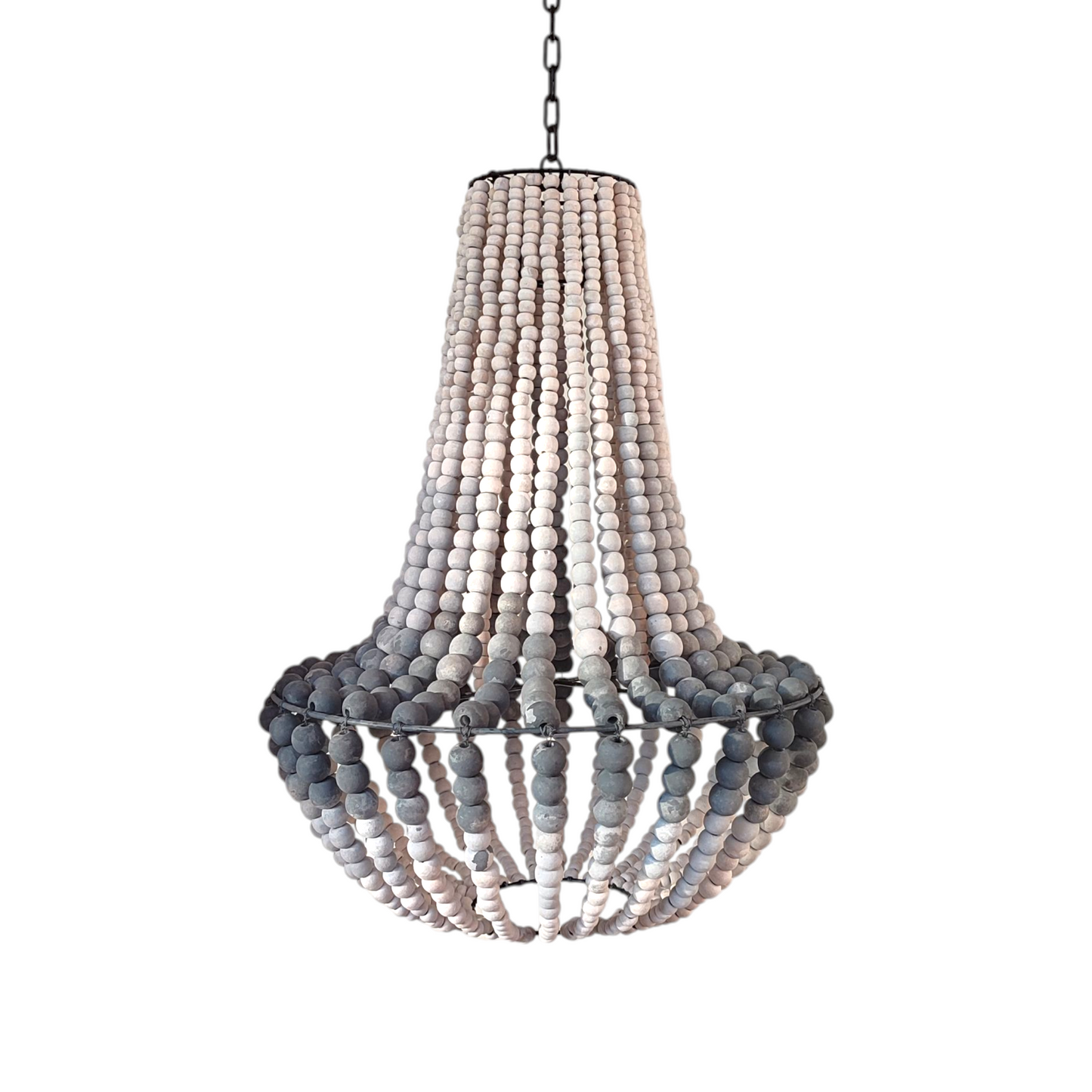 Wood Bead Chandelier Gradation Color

——

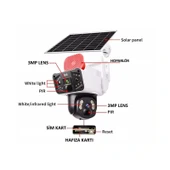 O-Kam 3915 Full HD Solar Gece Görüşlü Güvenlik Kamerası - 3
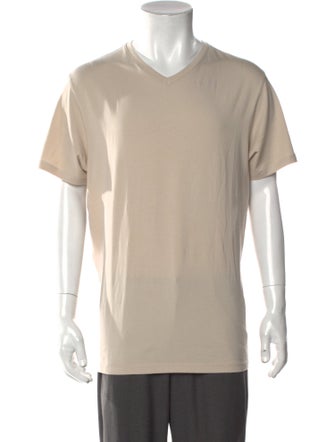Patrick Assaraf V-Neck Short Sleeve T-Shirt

——

◆ THE TASK
Take the material above from the line containing "O-Kam 3915 Full" up to and including the line containing "Patrick Assaraf V-Neck Short Sleeve T-Shirt" and retype it exactly, without any pictures.

◆ ANSWER SECTION
 O-Kam 3915 Full HD Solar Gece Görüşlü Güvenlik Kamerası - 3
Patrick Assaraf V-Neck Short Sleeve T-Shirt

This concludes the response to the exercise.